Assignment
May I have the lines from the one containing "2020 Mercedes-Benz A" to the end of the entries, returned exactly and with nothing else?

= = = = =

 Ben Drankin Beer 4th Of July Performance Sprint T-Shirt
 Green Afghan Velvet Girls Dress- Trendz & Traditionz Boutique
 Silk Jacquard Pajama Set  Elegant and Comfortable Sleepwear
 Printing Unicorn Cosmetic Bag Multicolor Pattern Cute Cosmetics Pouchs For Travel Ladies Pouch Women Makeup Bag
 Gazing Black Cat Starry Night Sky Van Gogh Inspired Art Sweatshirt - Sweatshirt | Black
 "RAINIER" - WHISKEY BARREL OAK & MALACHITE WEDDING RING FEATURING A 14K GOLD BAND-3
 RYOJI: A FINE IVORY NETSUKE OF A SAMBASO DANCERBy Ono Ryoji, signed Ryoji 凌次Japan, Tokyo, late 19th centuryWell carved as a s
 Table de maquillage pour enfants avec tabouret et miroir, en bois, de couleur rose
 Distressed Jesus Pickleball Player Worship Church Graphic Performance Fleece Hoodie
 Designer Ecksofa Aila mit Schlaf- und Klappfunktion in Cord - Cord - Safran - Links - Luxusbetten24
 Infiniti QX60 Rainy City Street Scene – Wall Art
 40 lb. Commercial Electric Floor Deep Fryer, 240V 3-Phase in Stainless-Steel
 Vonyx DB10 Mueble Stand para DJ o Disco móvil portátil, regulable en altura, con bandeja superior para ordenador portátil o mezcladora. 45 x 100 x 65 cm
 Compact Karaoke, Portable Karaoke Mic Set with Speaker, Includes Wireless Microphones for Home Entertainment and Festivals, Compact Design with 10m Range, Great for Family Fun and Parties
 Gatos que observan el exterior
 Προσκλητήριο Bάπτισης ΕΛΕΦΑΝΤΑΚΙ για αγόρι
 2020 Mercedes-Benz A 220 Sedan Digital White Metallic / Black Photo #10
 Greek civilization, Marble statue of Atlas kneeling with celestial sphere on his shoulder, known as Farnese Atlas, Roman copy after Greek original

= = = = =

The completed task
 2020 Mercedes-Benz A 220 Sedan Digital White Metallic / Black Photo #10
 Greek civilization, Marble statue of Atlas kneeling with celestial sphere on his shoulder, known as Farnese Atlas, Roman copy after Greek original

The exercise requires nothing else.